Oyster sauce is the umbrella term for many soups made from extracts made from cooking this shellfish. All in all, an oyster sauce comes in the form of a sticky dark brown paste whose ingredients include:

  • Oyster parts or extracts
  • Seasoning including salt
  • Sweeteners such as sugar
  • Water blended with thick corn starch

More resources: nutrition summary of oyster sauce.

68. Oysters Rockefeller

Oysters Rockefeller  is a mouth-watering dish that is made of oysters on the half-shell enriched with a topping of thick butter and herbs. Herbal garnishing includes parsley and lettuce, among others. Flavor garnishing comes from lemon slices on top of the oysters. It is breaded a bit with crumbs and can be cooked in baked or broiled form. 

Oysters Rockefeller began in 1889 in New Orleans courtesy of the Alciatore family, which had a restaurant that cooked oysters.  
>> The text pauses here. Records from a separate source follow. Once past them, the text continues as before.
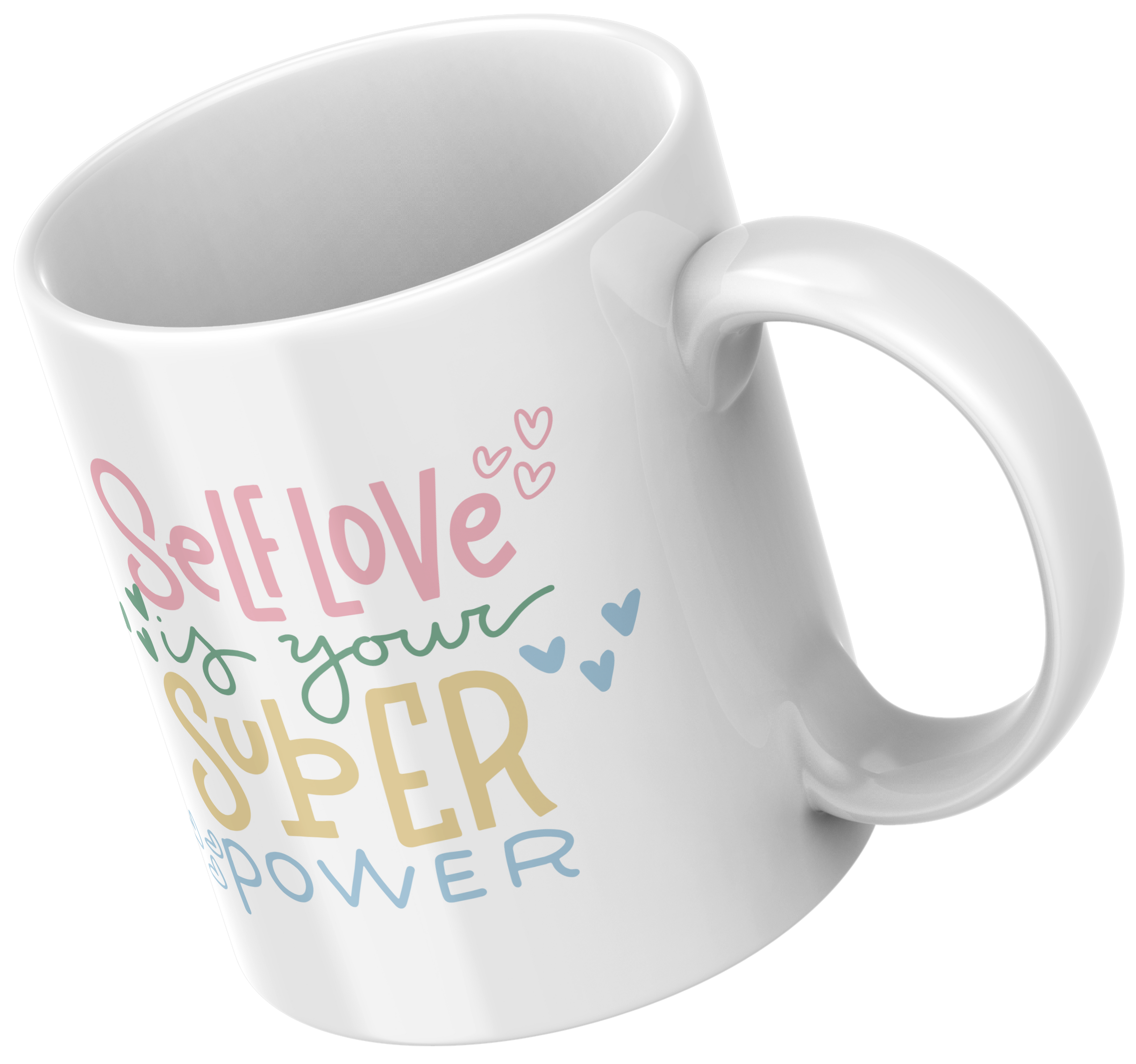 Printed Mug -Self Love Is Your Super Power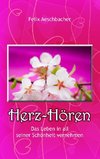 Herz-Hören - Das Leben in all seiner Schönheit vernehmen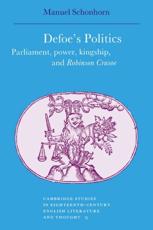 Defoe's Politics: Parliament, Power, Kingship and 'Robinson Crusoe' - Schonhorn, Manuel
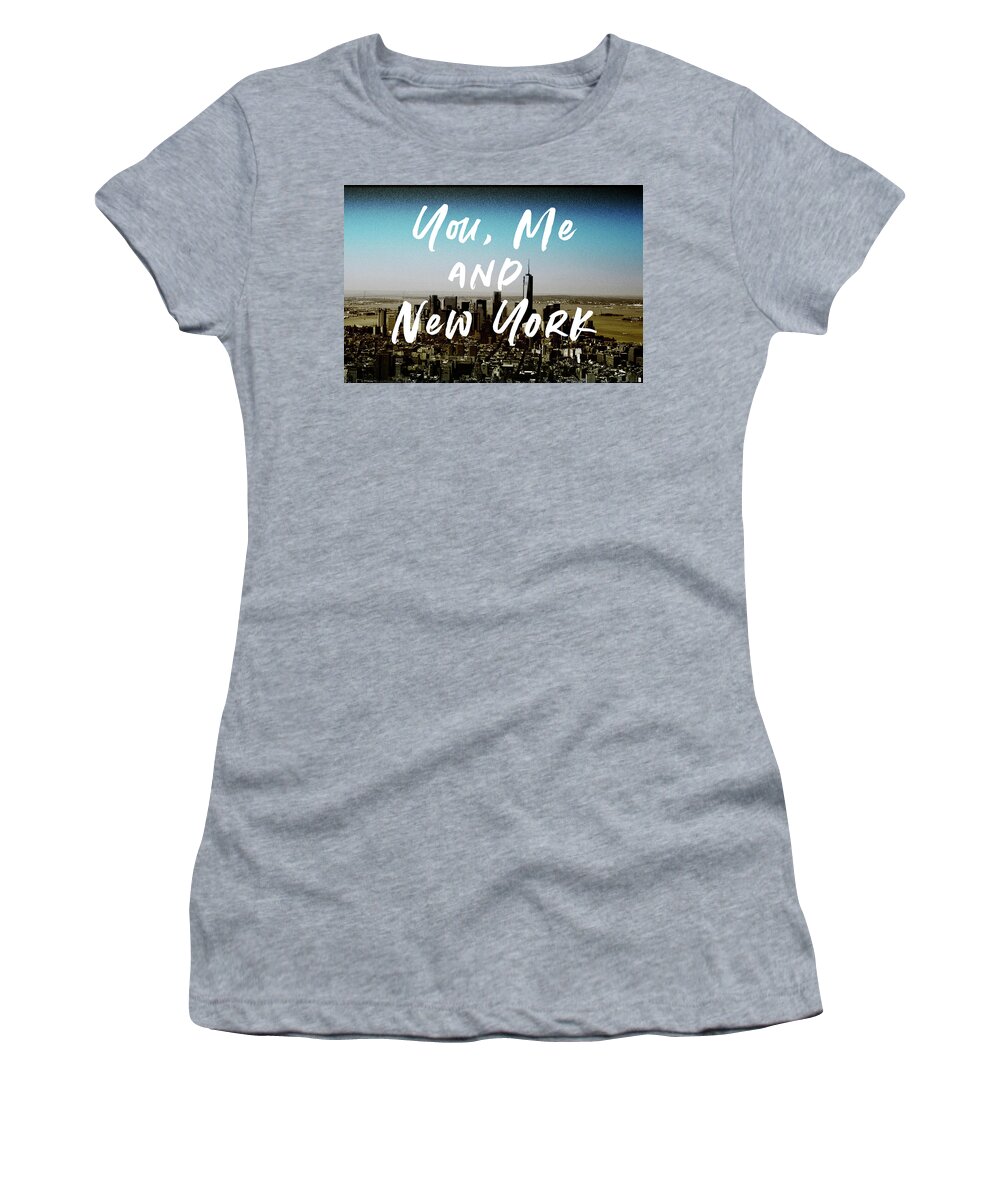 New York Women's T-Shirt featuring the mixed media You Me New York Color- Art by Linda Woods by Linda Woods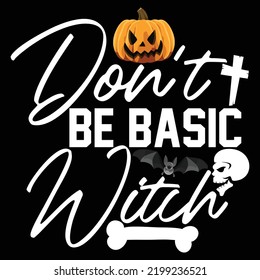 Don't be basic witch Happy Halloween shirt print template, Pumpkin Fall Witches Halloween Costume shirt design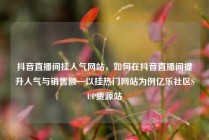 抖音直播间挂人气网站，如何在抖音直播间提升人气与销售额—以挂热门网站为例亿乐社区SUP货源站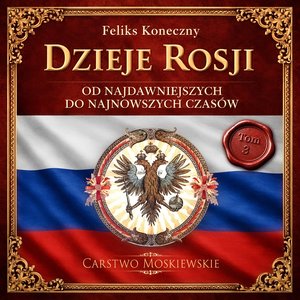 Dzieje Rosji. Od najdawniejszych do najnowszych czas&oacute;w. Część 3. Carstwo Moskiewskie &ndash; audiobook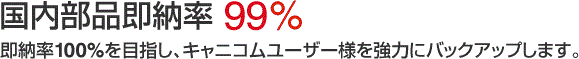 国内部品即納率 99.2%(2011年7月実績) 即納率100%を目指し、キャニコムユーザー様を強力にバックアップします。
Beverages that start with O

If you are one of those who relish a quick morning, afternoon or evening drink starting with the letter O and no other, feel at home with this warm cup of oat milk and one other mystery product on this list!

69. Oat Milk

Oat milk is one of those healthy whole grain extracts that you should have for a heady bone-strengthening breakfast. It is made from whole oats which are dipped in water to release the creamy milky stuff. Oat milk has a slight flavor like that of oatmeal. You can have it from a shop, only that this time it will be flavored with chocolate or vanilla nuances, and even sweetened a bit. 

70. Ogi

Ogi is a pap or porridge which is better known as a key ingredient for the common Nigerian drink, Adoyo. To make adoyo, ogi is mixed with boiling water containing decanted slices of pineapple, lemongrass and sometimes orange. It is taken straight from the hose without adding any artificial coloring.  Thus, it is a welcoming healthy morning drink.